## Work instruction
Would you retype the listing word for word, skipping its pictures?

## Data excerpts
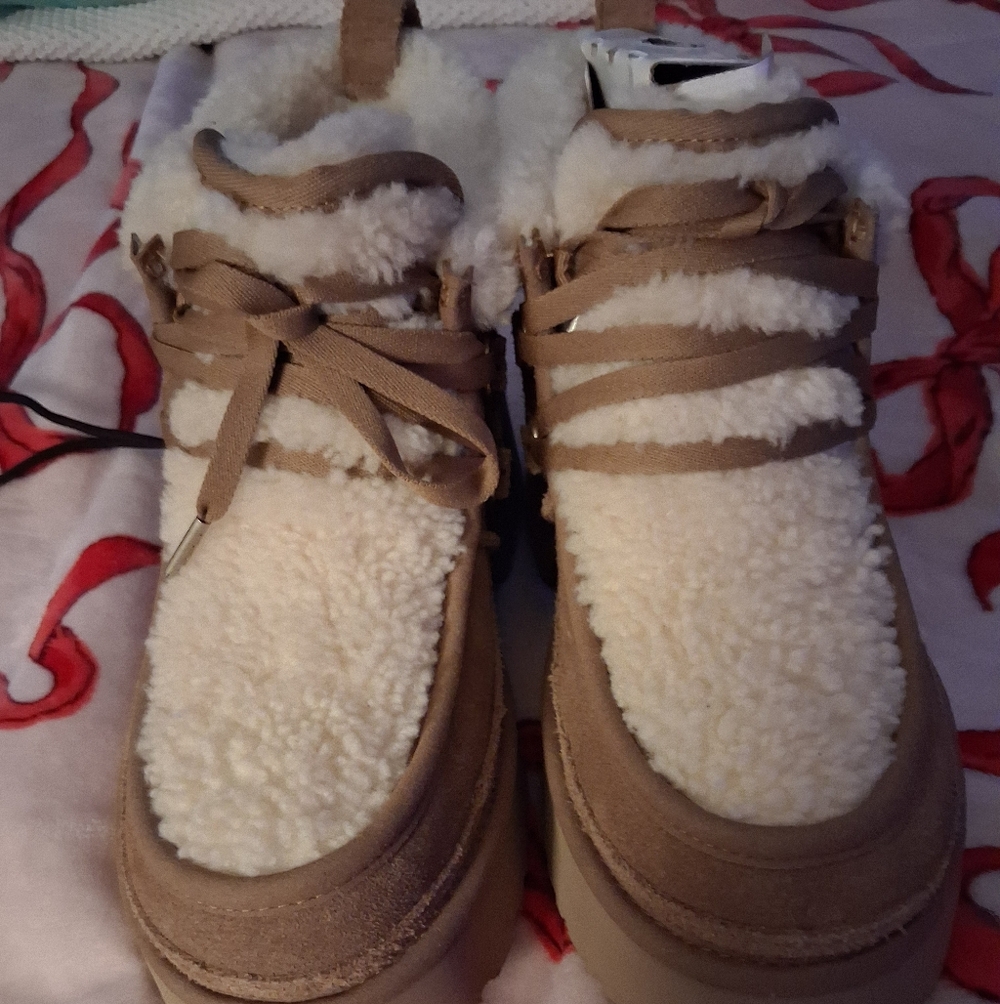 Size 8 Ugg Furry Boots.   Brand New.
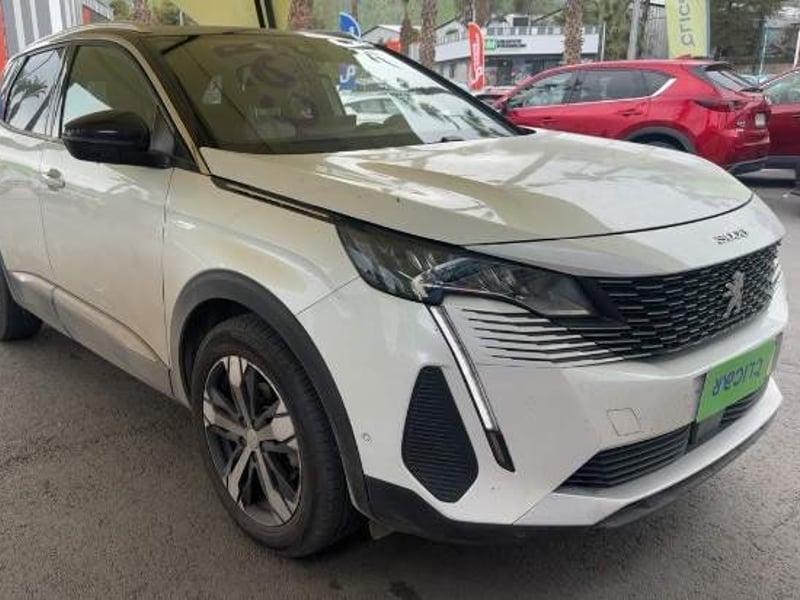 Peugeot 3008 1.5 Allure Pack Bluehdi 130 4x2 Eat8 5p 2024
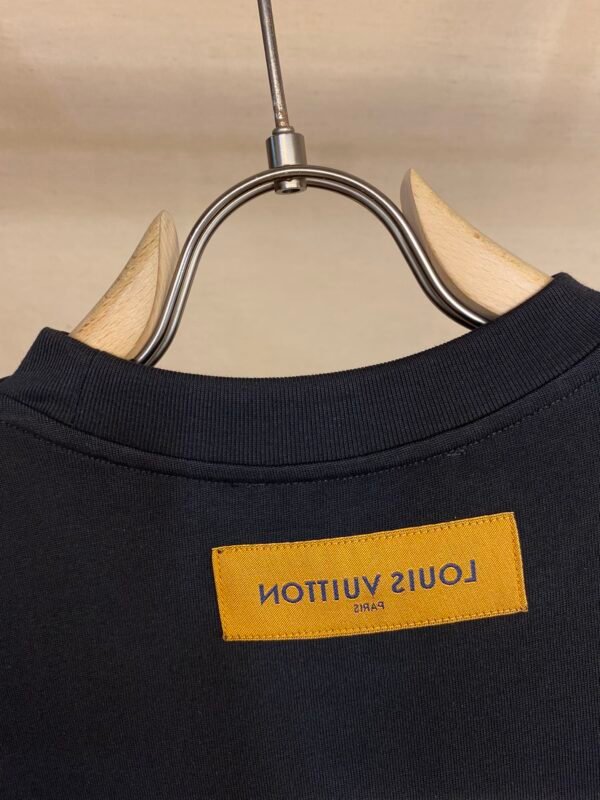 LV TSHIRT - Image 6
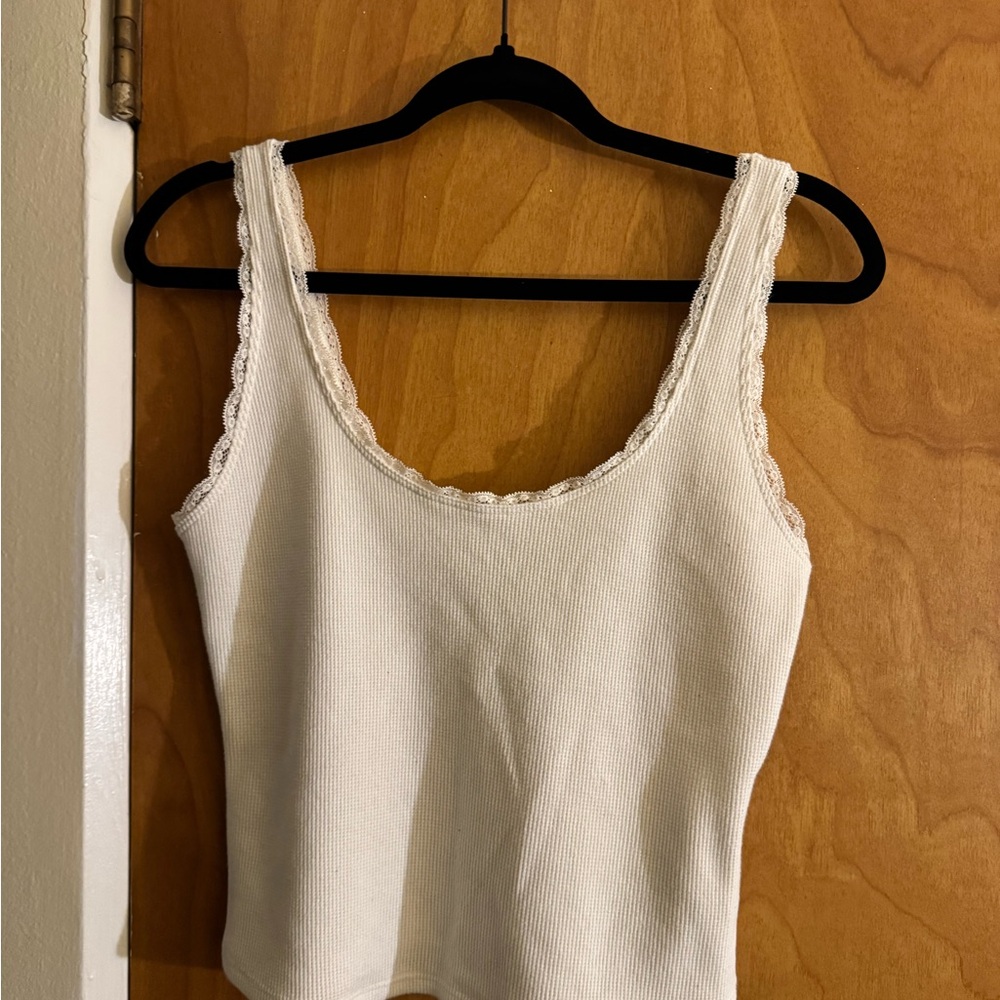 Gilly Hicks Cream Lace Trim Tank Top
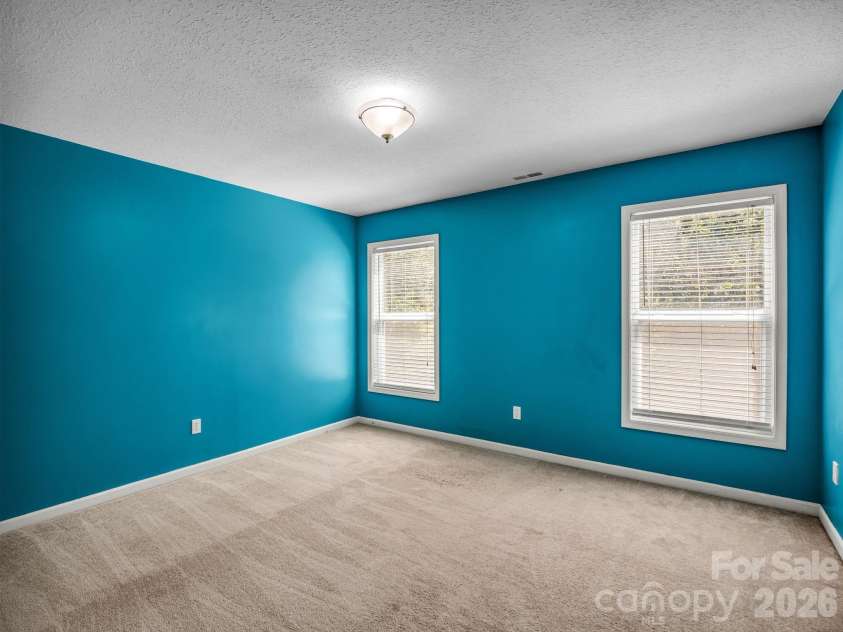 69 Ivy Lane, Fletcher, NC 28732.  MLS# CAR4417704, YatesRealty ID 47332. Bed 1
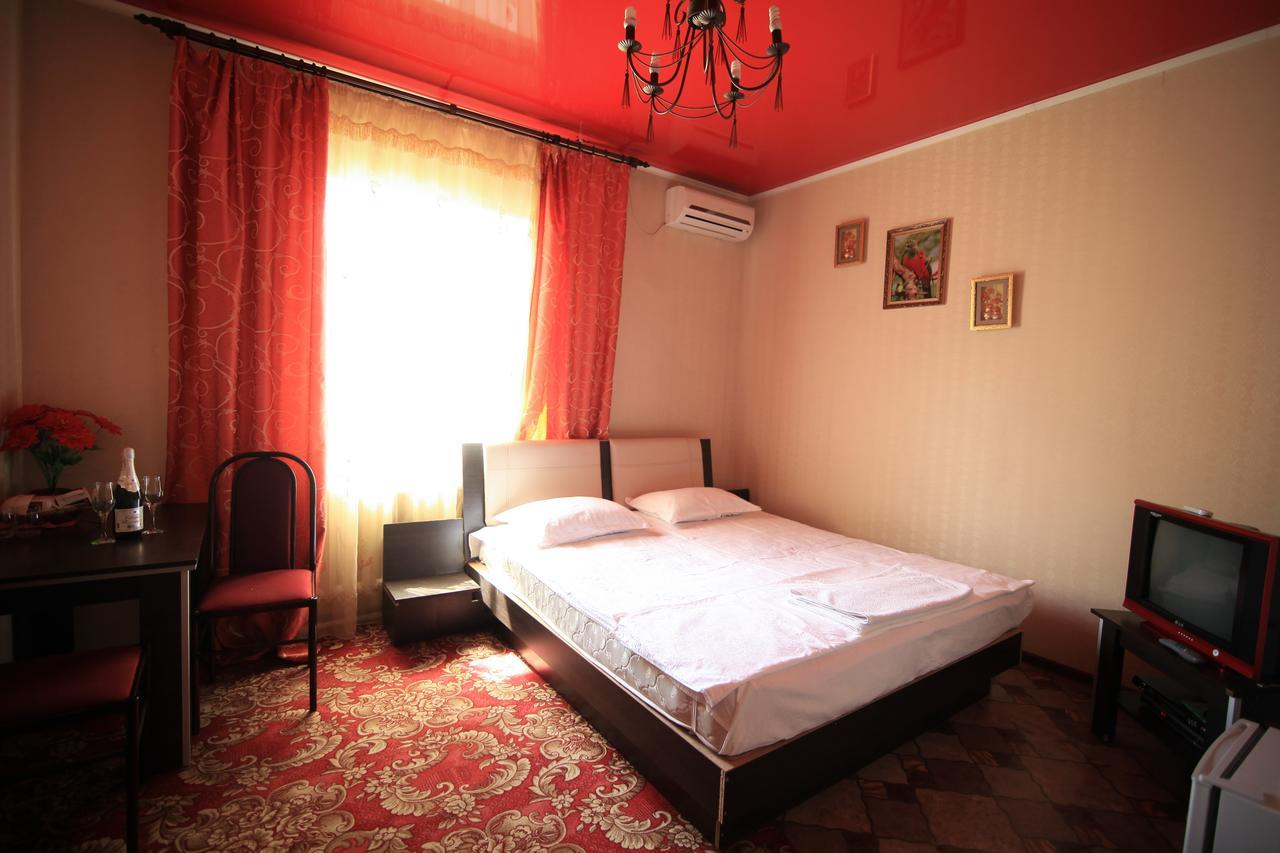 Carzone Motel Bishkek Exterior foto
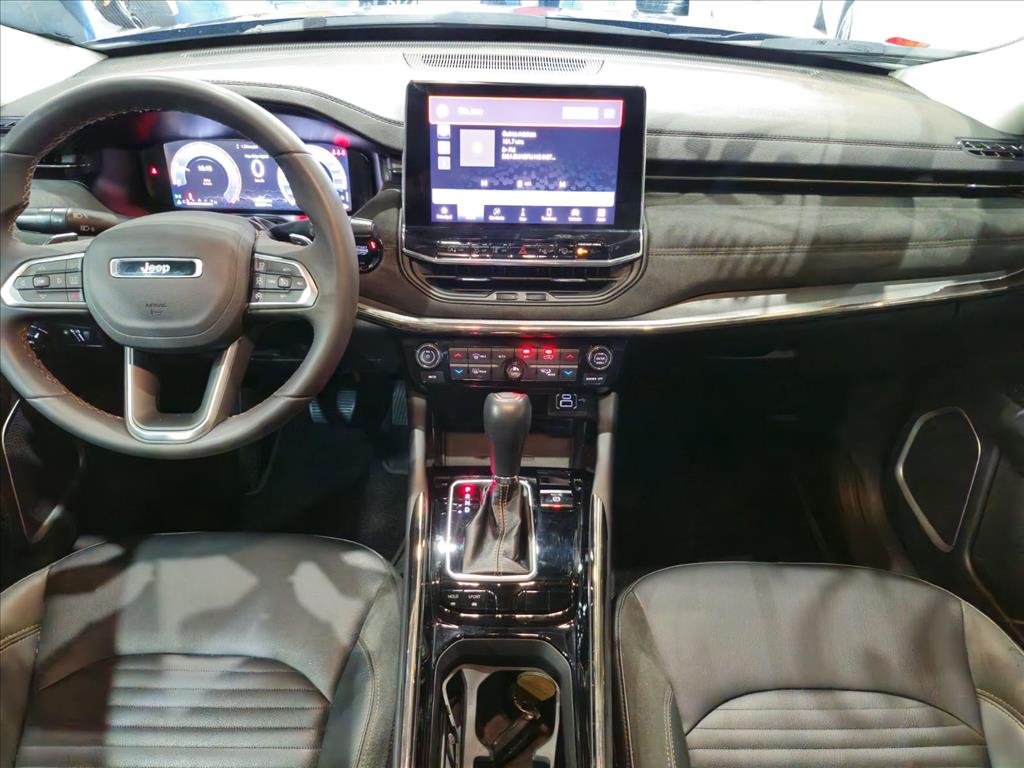 COMMANDER 1.3 T270 TURBO FLEX LIMITED AT69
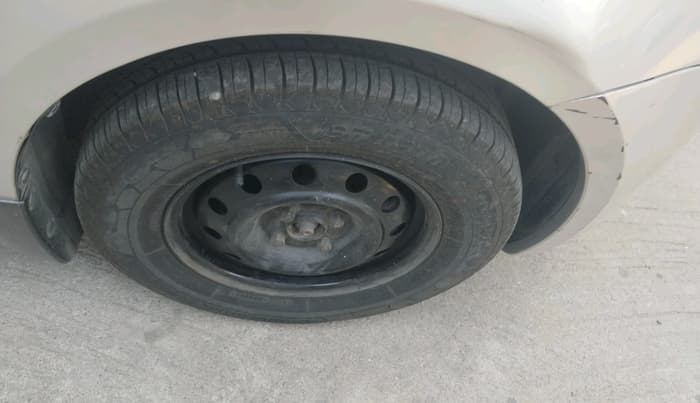 2010 Maruti Swift Dzire VXI, Petrol, Manual, 1,04,500 km, tyre
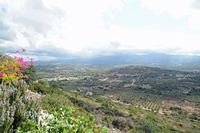 La ville de Pérama en Crète. Le village de Mélidoni vu depuis l'entrée de la grotte. Cliquer pour agrandir l'image.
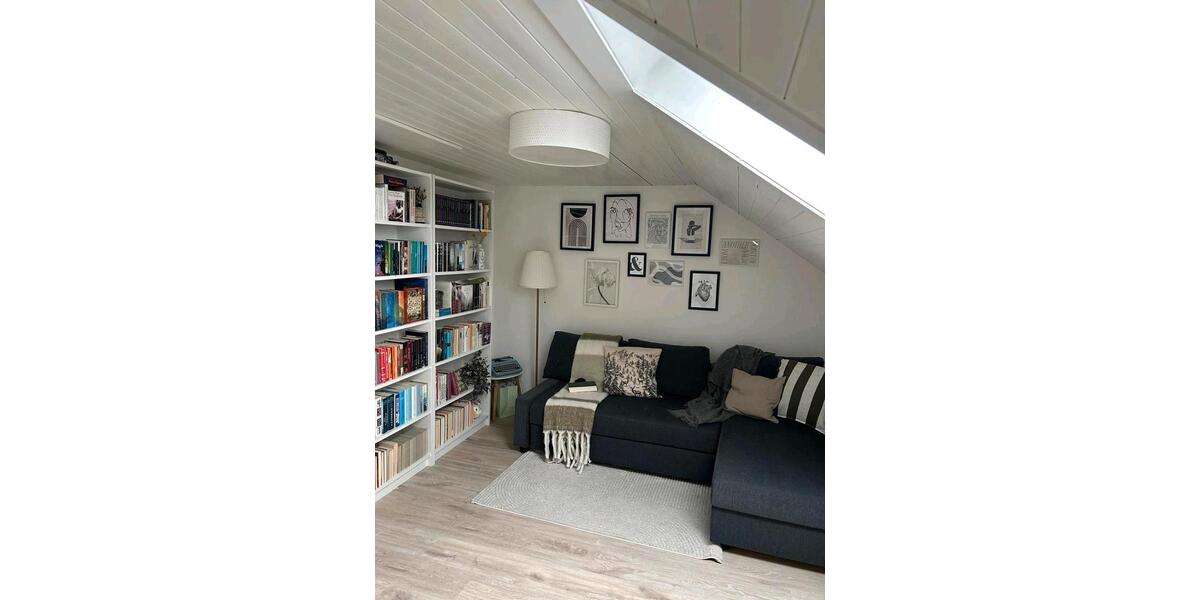 Dachgeschoßwohnung Regensburg Gallingkofen - 3 Zimmer, 45 m&sup2;, 800&euro; | Angebot:25343913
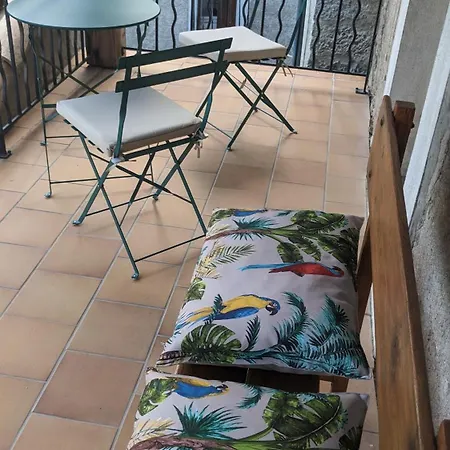 Salle De Bain Privee,terrasse Avec Vue Entrevaux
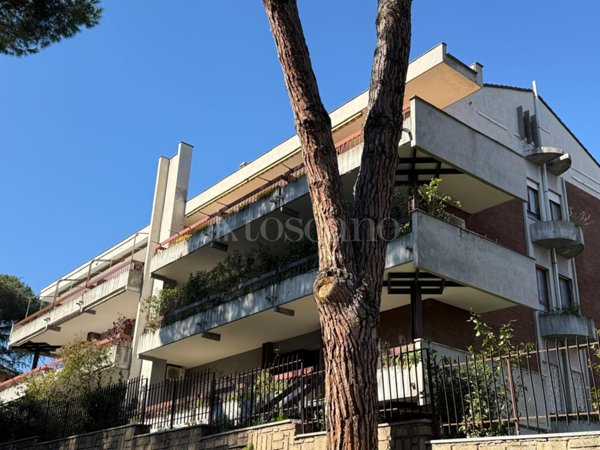 appartamento in vendita a Roma in zona Mostacciano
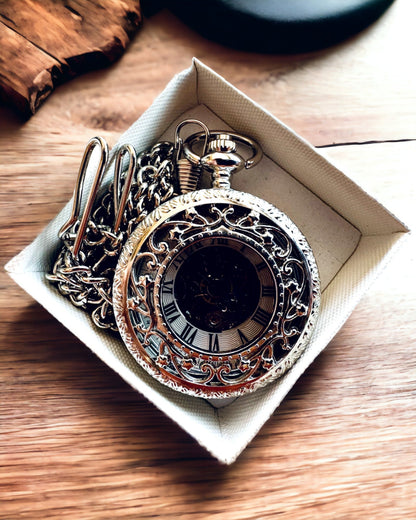 Reloj de bolsillo plateado "Vintage Elegance" con opción de personalización con grabado
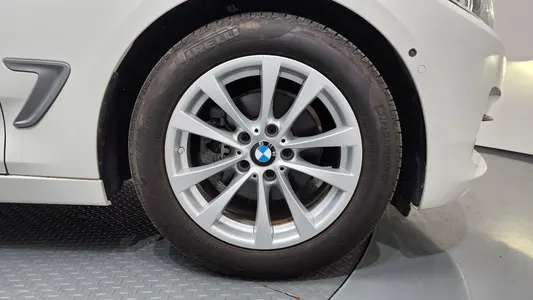 BMW 3 Series GT (F34) GT 320d xDrive 2020 21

## Exercise answer
 Size 8 Ugg Furry Boots.   Brand New.
 Peugeot 3008 1.5 Allure Pack Bluehdi 130 4x2 Eat8 5p 2024
 LV TSHIRT - Image 6
 Gilly Hicks Cream Lace Trim Tank Top
 69 Ivy Lane, Fletcher, NC 28732.  MLS# CAR4417704, YatesRealty ID 47332. Bed 1
 Carzone Motel Bishkek Exterior foto
 COMMANDER 1.3 T270 TURBO FLEX LIMITED AT69
 2010 Maruti Swift Dzire VXI, Petrol, Manual, 1,04,500 km, tyre
 La ville de Pérama en Crète. Le village de Mélidoni vu depuis l'entrée de la grotte. Cliquer pour agrandir l'image.
 Dachgeschoßwohnung Regensburg Gallingkofen - 3 Zimmer, 45 m&sup2;, 800&euro; | Angebot:25343913
 Salle De Bain Privee,terrasse Avec Vue Entrevaux
 appartamento in vendita a Roma in zona Mostacciano
 Reloj de bolsillo plateado "Vintage Elegance" con opción de personalización con grabado
 BMW 3 Series GT (F34) GT 320d xDrive 2020 21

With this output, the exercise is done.